> **What is being asked**:
Only the lines from the one with "Сәтбаев университетінің студенттері" through the last line of the data below are to be duplicated, exactly and without pictures.

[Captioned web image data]
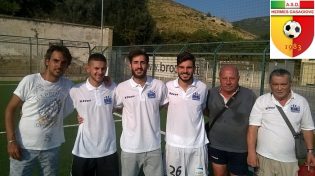 Dirigenti dell'Hermes Casagiove con i tre riconfermati (foto Ufficio Stampa F.C. Hermes Casagiove)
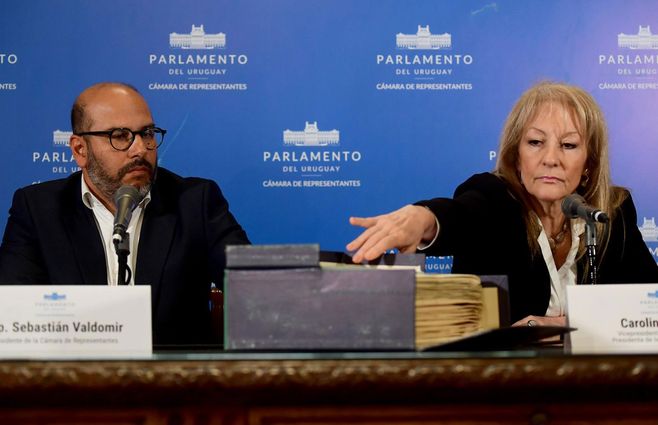 Valdomir y Cosse con los documentos de la dictadura hallados en el Parlamento. Foto: FocoUy.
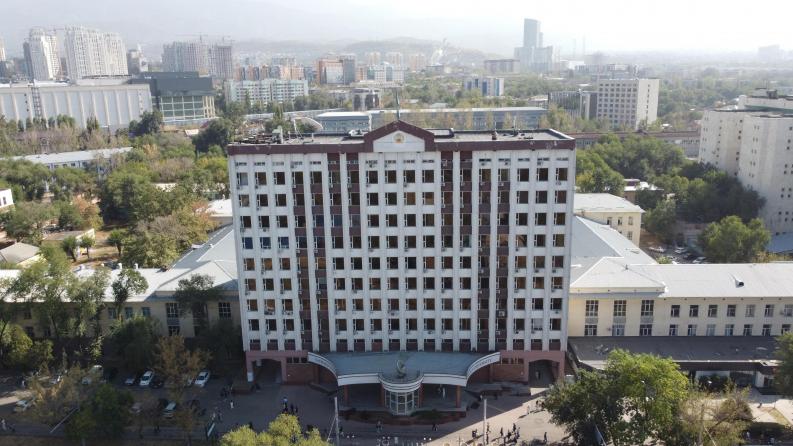 Сәтбаев университетінің студенттері танымал отандастары Елдан Абрашиммен кездесті
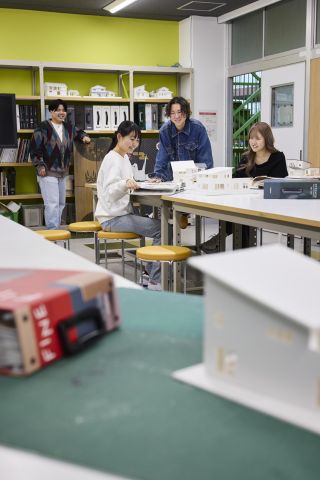 空間デザイン学科 空間に対する多様なニーズを具現化できる知識と技術を学ぶ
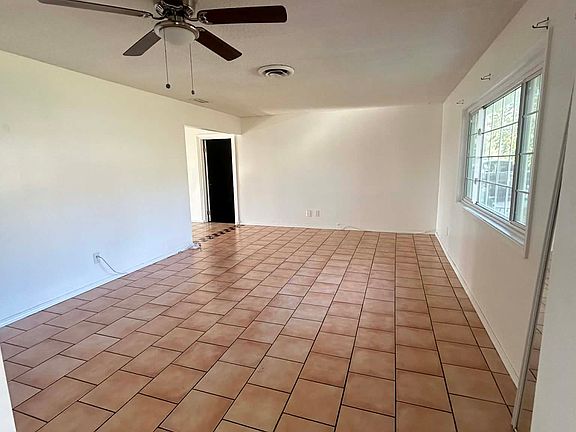 4th image of 3920 El Camino Dr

> **Solved exercise**:
 Сәтбаев университетінің студенттері танымал отандастары Елдан Абрашиммен кездесті
 空間デザイン学科 空間に対する多様なニーズを具現化できる知識と技術を学ぶ
 4th image of 3920 El Camino Dr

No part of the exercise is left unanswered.